**TASK GOAL**
Stop at the line containing "Rollender Druckerwagen,Beweglicher Bodenstehender": write out every line from the beginning of the entries up to and including it, minus the pictures.

**Source data**

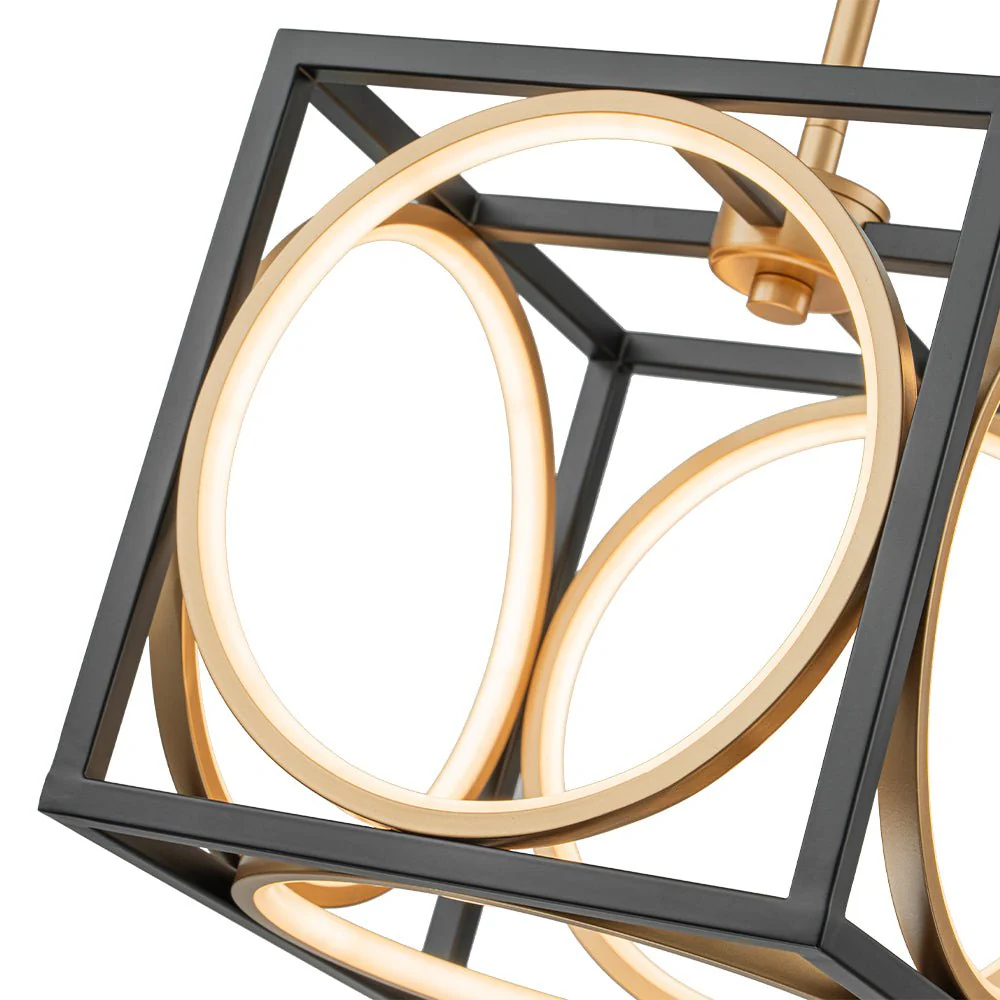 Minimalist Dimmable LED Black Gold Square Kitchen Pendant - Image 20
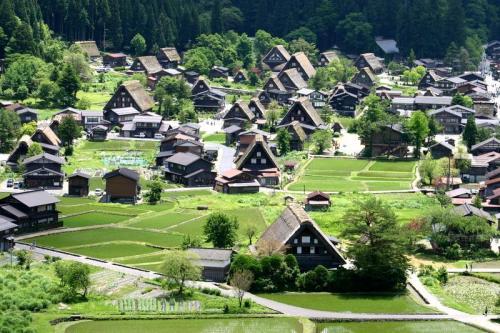 田園のなかに点在する合掌造りの民家3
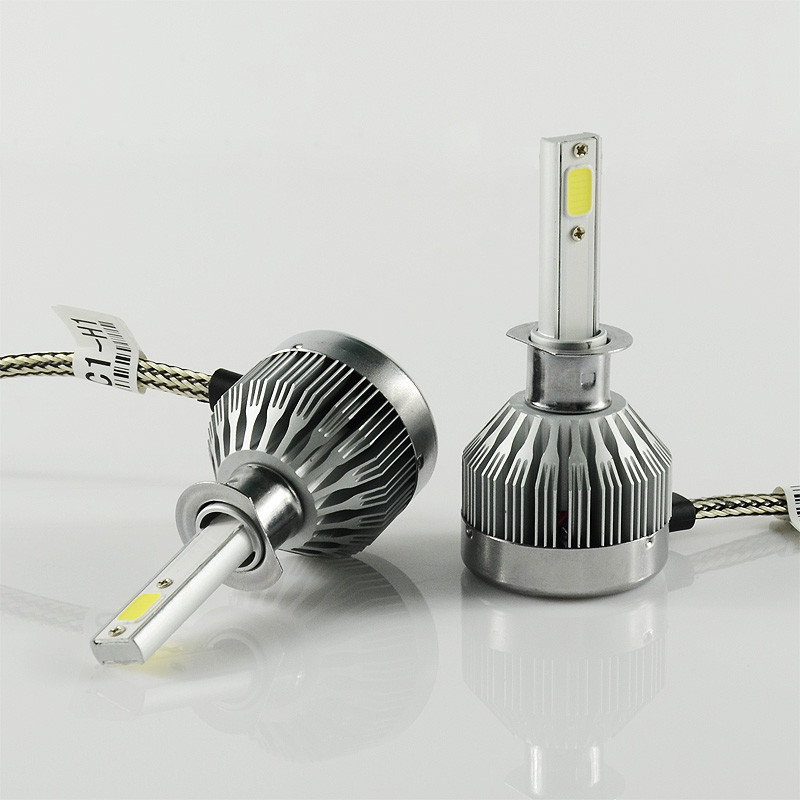 Coppia Lampadine Auto Moto Cob C1 H7 Led 3800lm 60w 6000k Bianco Freddo Linq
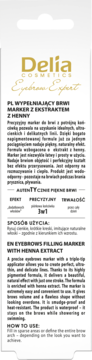 Tył opakowania Delia Eyebrow Expert, wypełniający marker do brwi z ekstraktem z henny, z opisem PL/EN.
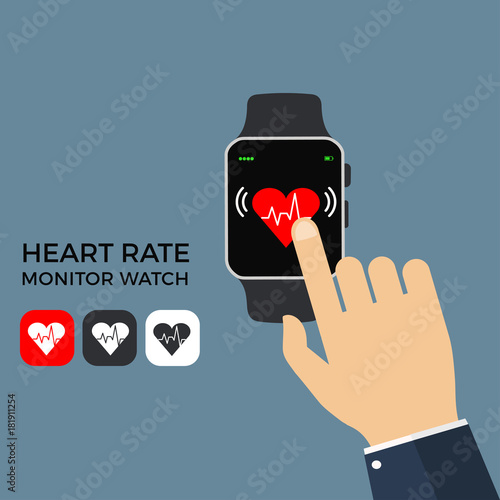 White smart watch showing heart beat rate app. Human hand finger pushing touchscreen. Flat vector icon.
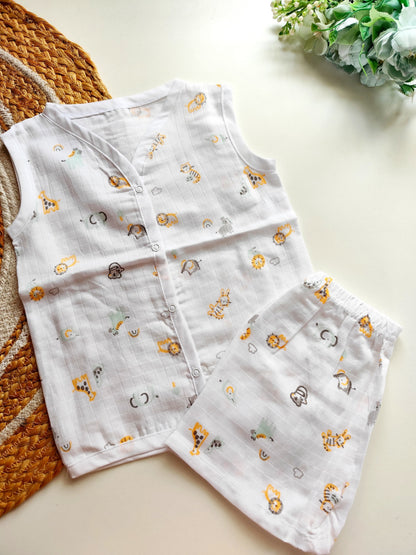Muslin Sleeveless Co Ord - Safari Animals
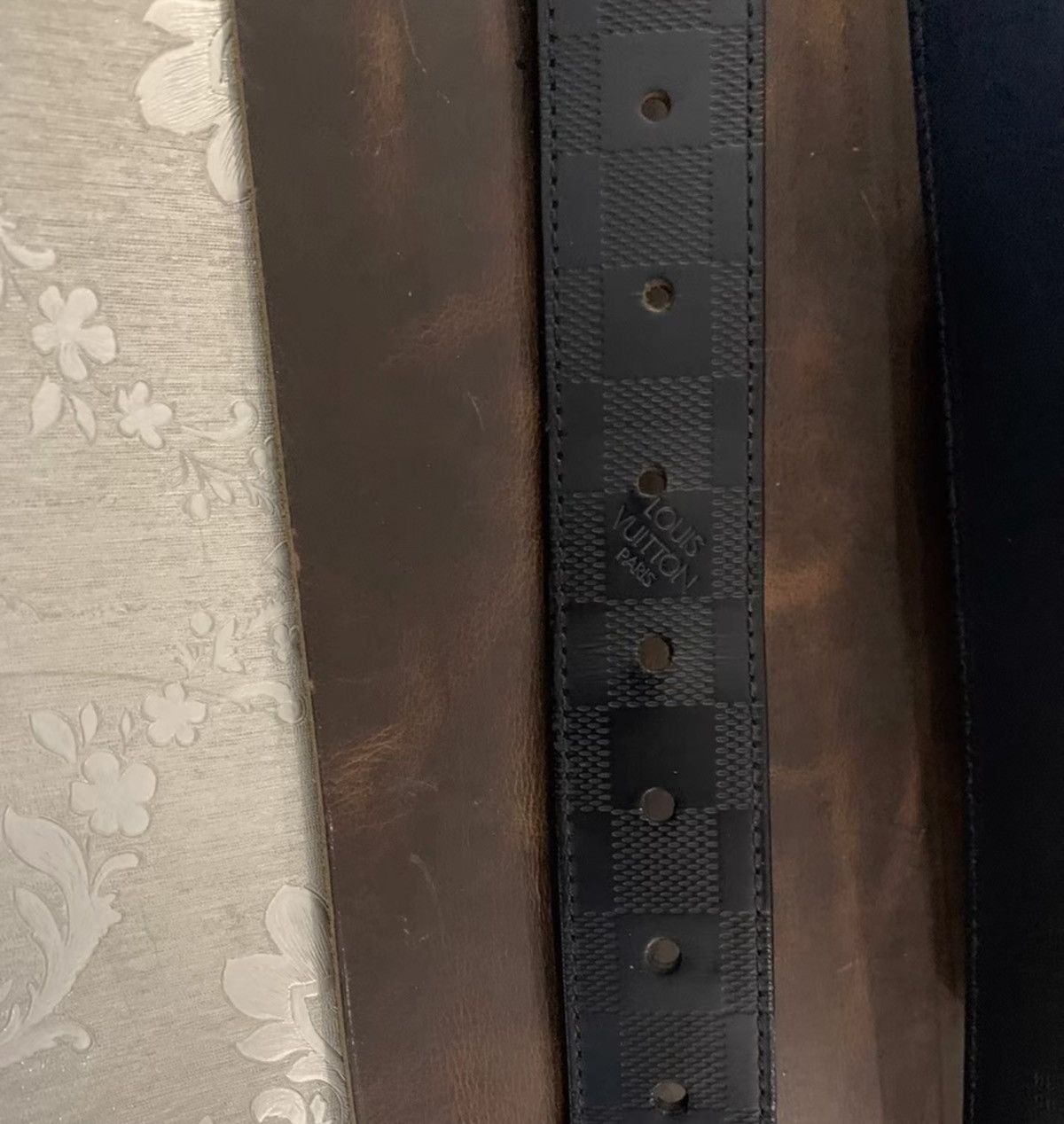 Louis Vuitton LOUIS VUITTON Black Damier Graphite Belt Size ONE SIZE - 6 Thumbnail
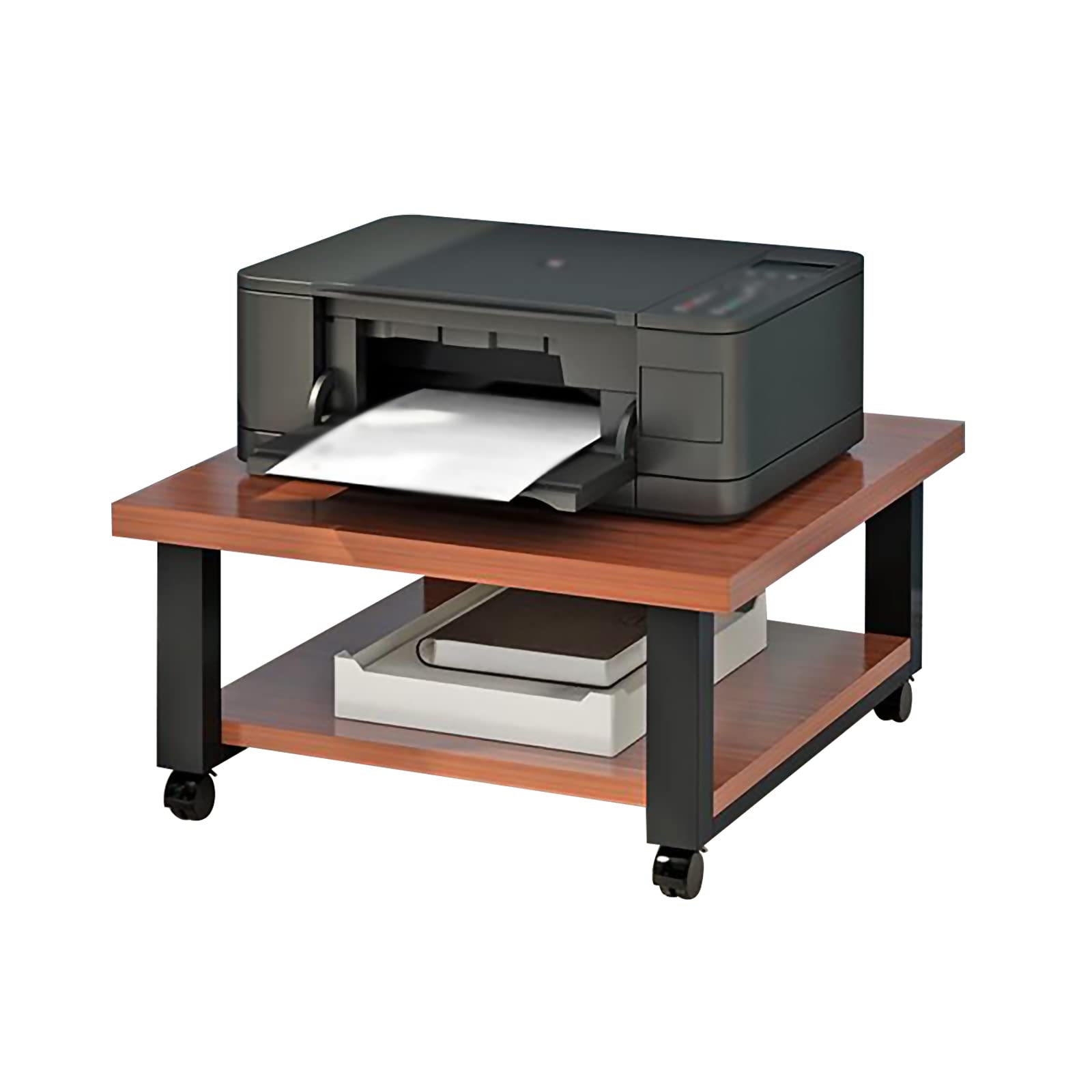 Rollender Druckerwagen,Beweglicher Bodenstehender Multifunktionsdrucker Faxscanner Kopiererwagen,für Heimschlafzimmer Büro Schule(Size:50x40x28cm,Color:Teak)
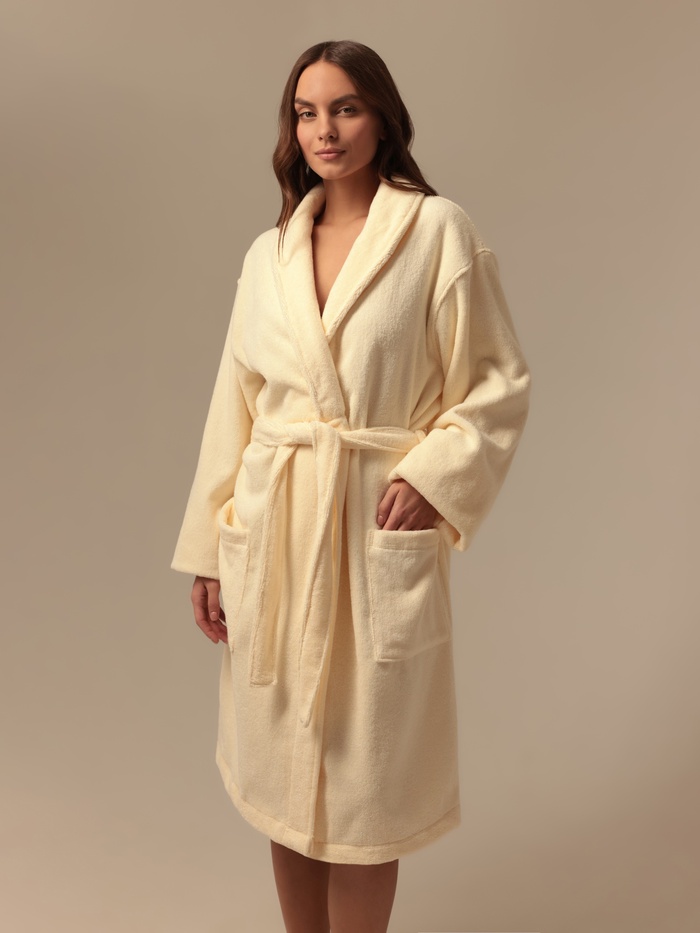 Халат махровый женский SL HOME: Basic «Айвори», размер 46 (L), хлопок 100%, молочный - Фото 1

**SOLUTION BELOW**
 Minimalist Dimmable LED Black Gold Square Kitchen Pendant - Image 20
 田園のなかに点在する合掌造りの民家3
 Coppia Lampadine Auto Moto Cob C1 H7 Led 3800lm 60w 6000k Bianco Freddo Linq
 Tył opakowania Delia Eyebrow Expert, wypełniający marker do brwi z ekstraktem z henny, z opisem PL/EN.
 White smart watch showing heart beat rate app. Human hand finger pushing touchscreen. Flat vector icon.
Muslin Sleeveless Co Ord - Safari Animals
 Louis Vuitton LOUIS VUITTON Black Damier Graphite Belt Size ONE SIZE - 6 Thumbnail
 Rollender Druckerwagen,Beweglicher Bodenstehender Multifunktionsdrucker Faxscanner Kopiererwagen,für Heimschlafzimmer Büro Schule(Size:50x40x28cm,Color:Teak)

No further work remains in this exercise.